** Opening Information shown block **
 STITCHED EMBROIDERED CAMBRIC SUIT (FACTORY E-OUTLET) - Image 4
** Closing Information shown block **
** Opening Information shown block **
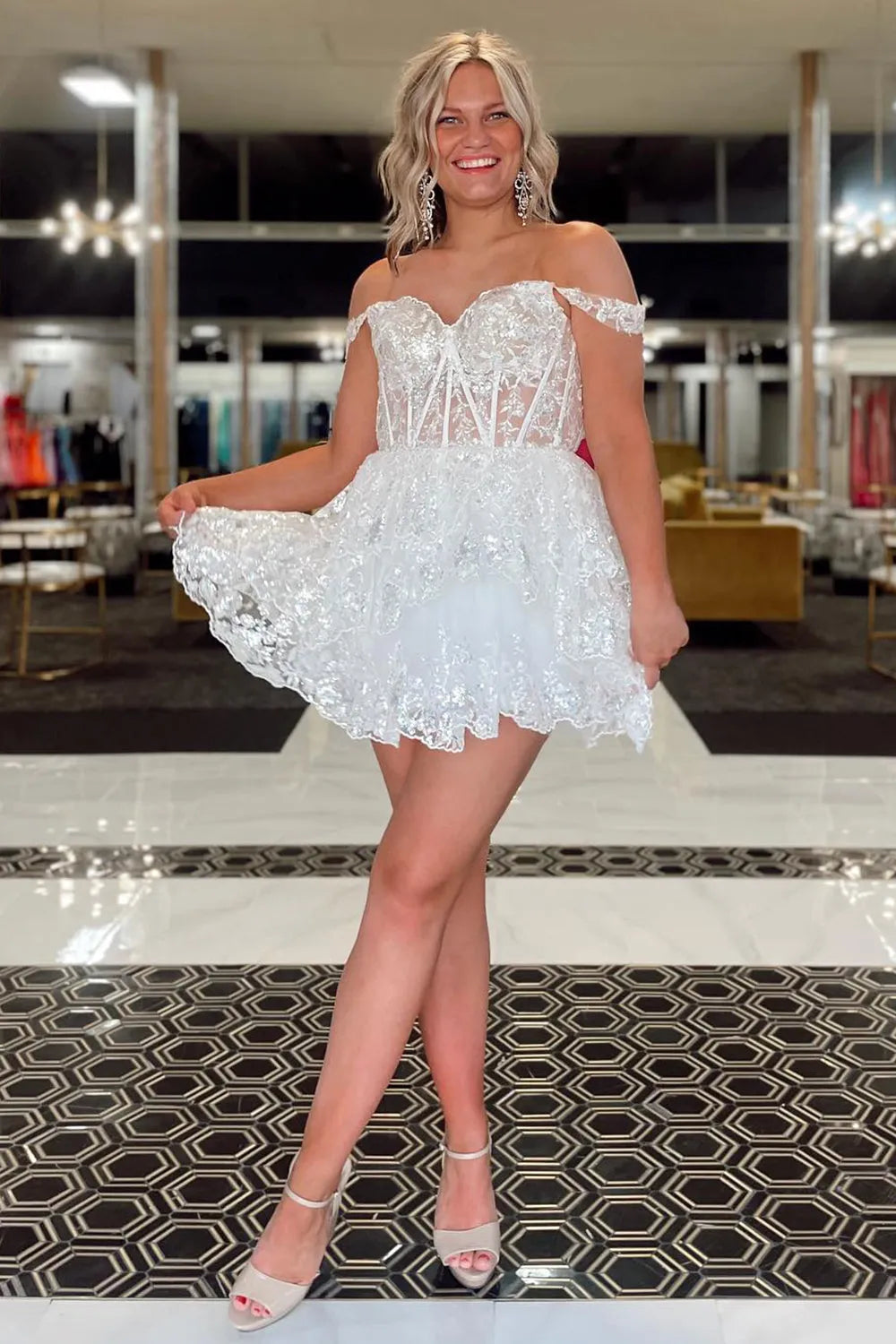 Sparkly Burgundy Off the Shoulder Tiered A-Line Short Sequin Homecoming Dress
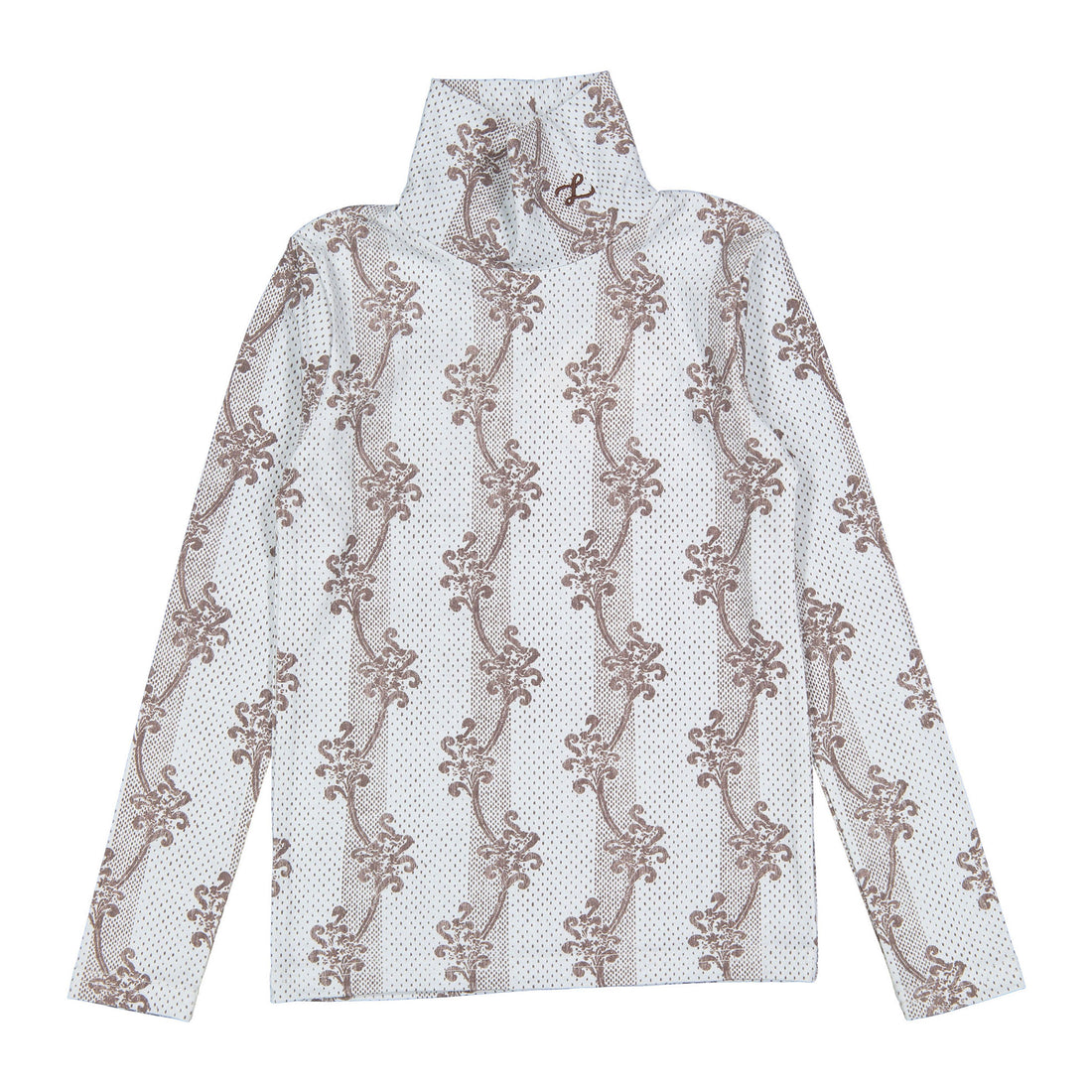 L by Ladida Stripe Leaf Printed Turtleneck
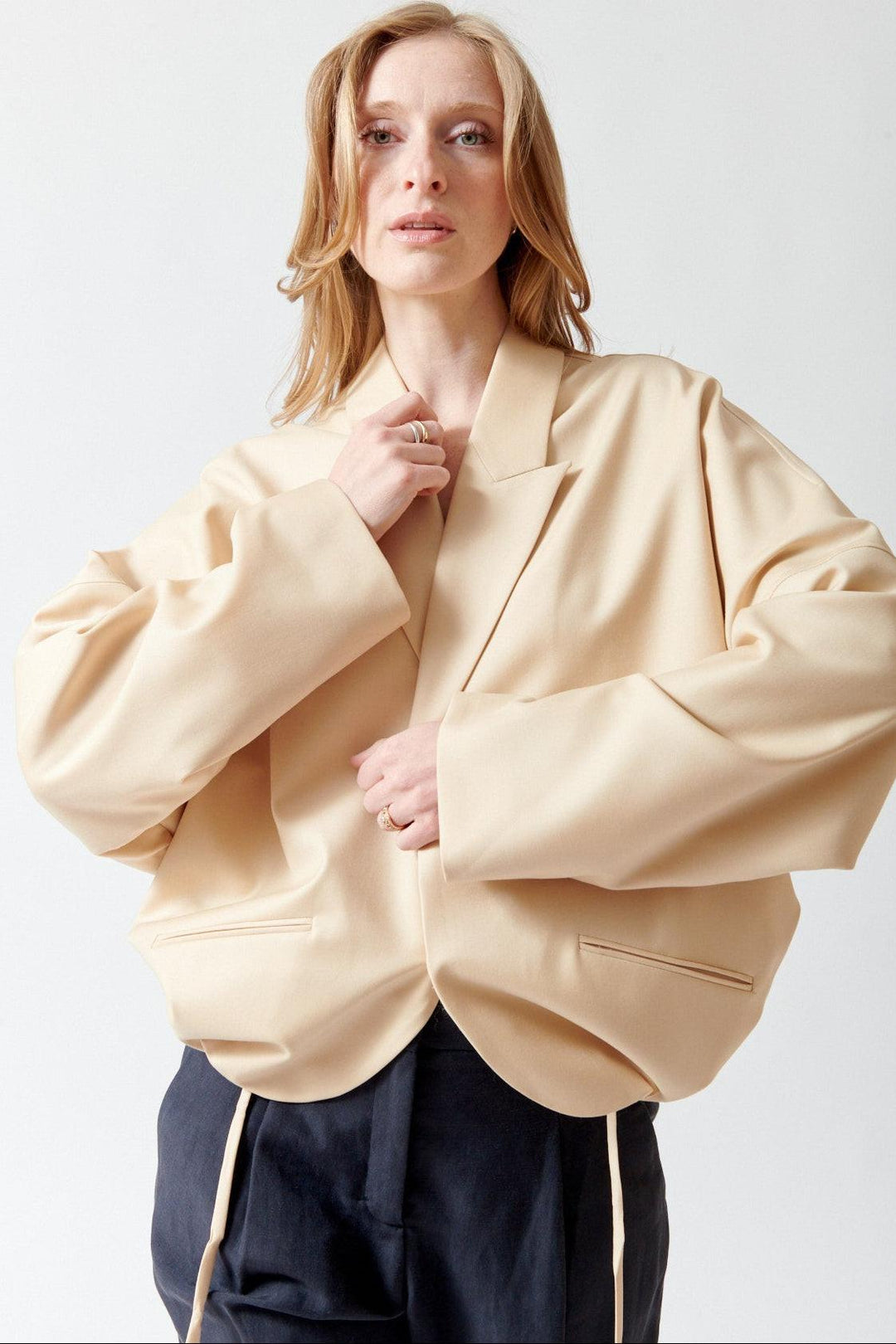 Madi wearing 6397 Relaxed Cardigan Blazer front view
** Closing Information shown block **
** Opening Information shown block **
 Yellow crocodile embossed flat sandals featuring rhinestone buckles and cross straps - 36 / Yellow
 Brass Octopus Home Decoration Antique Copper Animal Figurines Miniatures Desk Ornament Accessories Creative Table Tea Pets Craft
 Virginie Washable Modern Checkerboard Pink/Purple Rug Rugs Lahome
** Closing Information shown block **
### Task to carry out
Return, word for word, the lines of the data above from the line with "Brass Octopus Home" through the line with "Virginie Washable Modern", inclusive.

### Written response
 Brass Octopus Home Decoration Antique Copper Animal Figurines Miniatures Desk Ornament Accessories Creative Table Tea Pets Craft
 Virginie Washable Modern Checkerboard Pink/Purple Rug Rugs Lahome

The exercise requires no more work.